Scraped caption text data
____

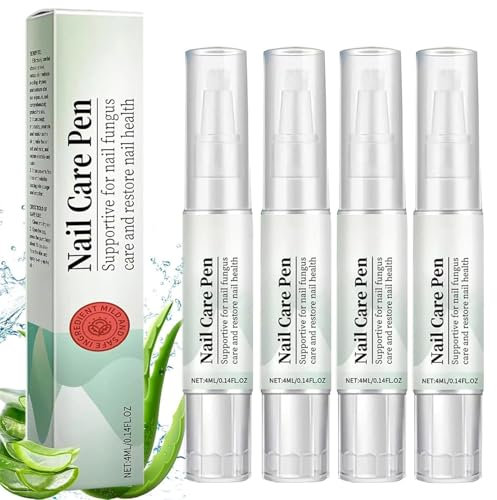 4 Stück Nail Care Pen - Das Original, Nail Care Pen Nagelpilz Stift, Österreich Für Gepflegte Fingernägel & Fußnägel Mit Teebaumöl, Vitamin E & Aloe Vera (4 Stück)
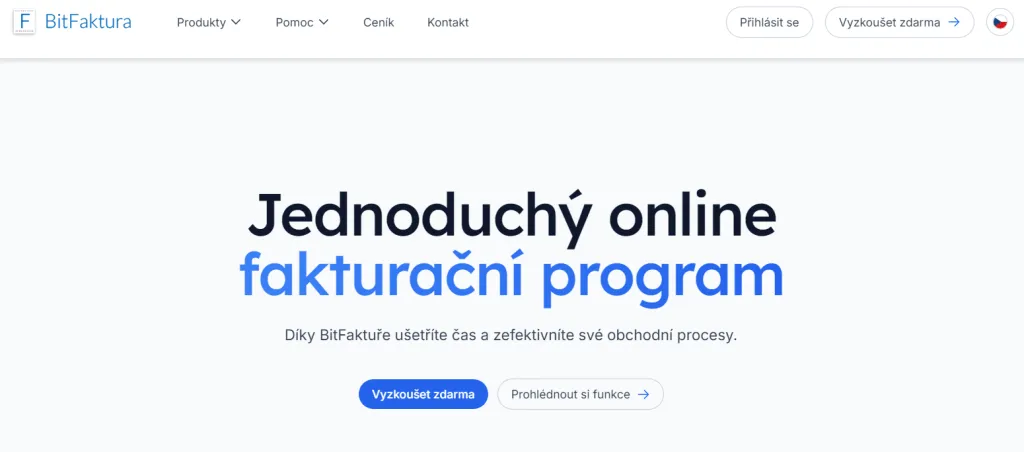 BitFaktura: Recenze a hodnocení 2026 (Foto: NástrojeProWeb.cz)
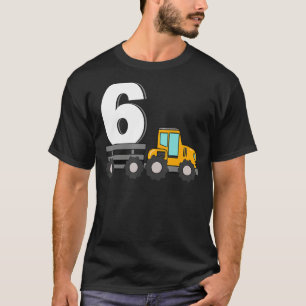 T-shirt Ferme tracteur 6e anniversaire 6 ans Anniversaire 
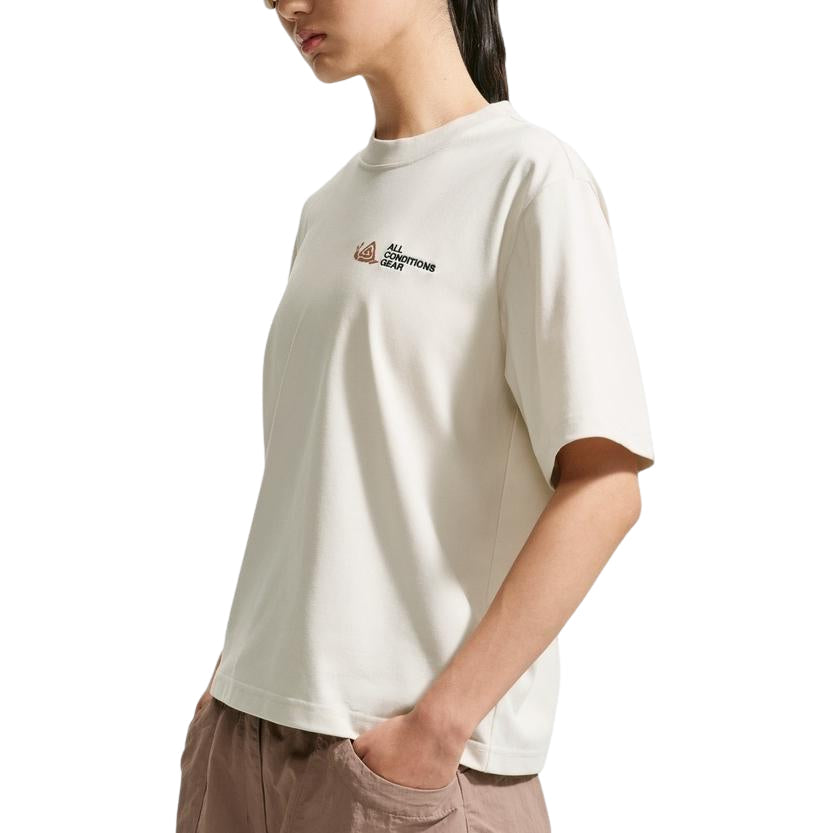 (WMNS) Nike x ACG T-Shirt Asia Sizing 'LT Orewood BRN' IO1578-104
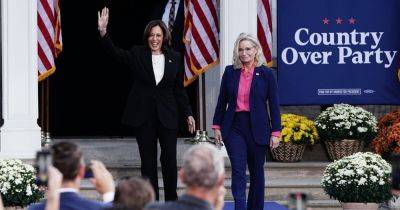 A Steely Liz Cheney, at Harris’s Side, Calls It ‘Our Duty’ to Reject Trump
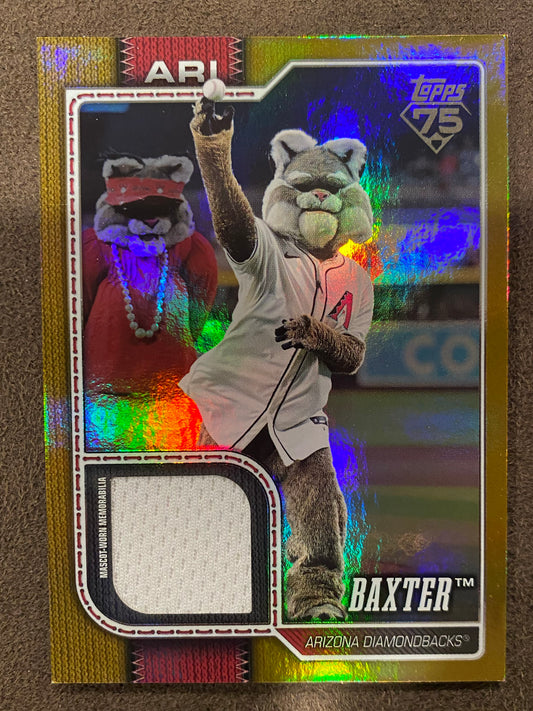 Baxter - 2026 Topps Series 1 - GOLD Real One Relic /50 - Diamondbacks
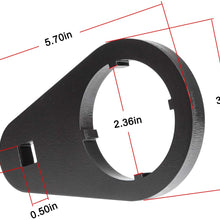 E-cowlboy 1/2" Drive Mainshaft 5th Gear Nut Wrench for 1994-2004 Dodge NV4500HD models with Cummins Diesel or V-10, NV4500 4x4 29 spline & 4x2 31 Spline Output
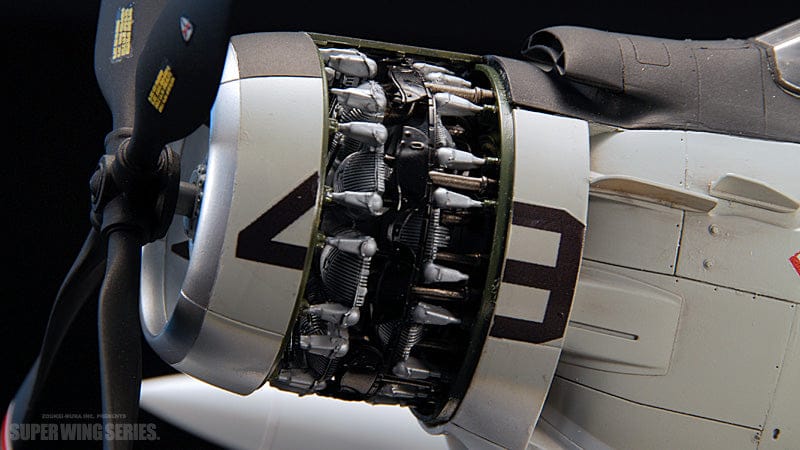 Zoukei-Mura - SWS03 - Douglas A-1H Skyraider - painted model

____

Every word of the data should be reproduced exactly; please omit any pictures.

▶ WRITTEN RESPONSE
 4 Stück Nail Care Pen - Das Original, Nail Care Pen Nagelpilz Stift, Österreich Für Gepflegte Fingernägel & Fußnägel Mit Teebaumöl, Vitamin E & Aloe Vera (4 Stück)
 BitFaktura: Recenze a hodnocení 2026 (Foto: NástrojeProWeb.cz)
 T-shirt Ferme tracteur 6e anniversaire 6 ans Anniversaire 
 (WMNS) Nike x ACG T-Shirt Asia Sizing 'LT Orewood BRN' IO1578-104
 A Steely Liz Cheney, at Harris’s Side, Calls It ‘Our Duty’ to Reject Trump
 Baxter - 2026 Topps Series 1 - GOLD Real One Relic /50 - Diamondbacks
 E-cowlboy 1/2" Drive Mainshaft 5th Gear Nut Wrench for 1994-2004 Dodge NV4500HD models with Cummins Diesel or V-10, NV4500 4x4 29 spline & 4x2 31 Spline Output
 Zoukei-Mura - SWS03 - Douglas A-1H Skyraider - painted model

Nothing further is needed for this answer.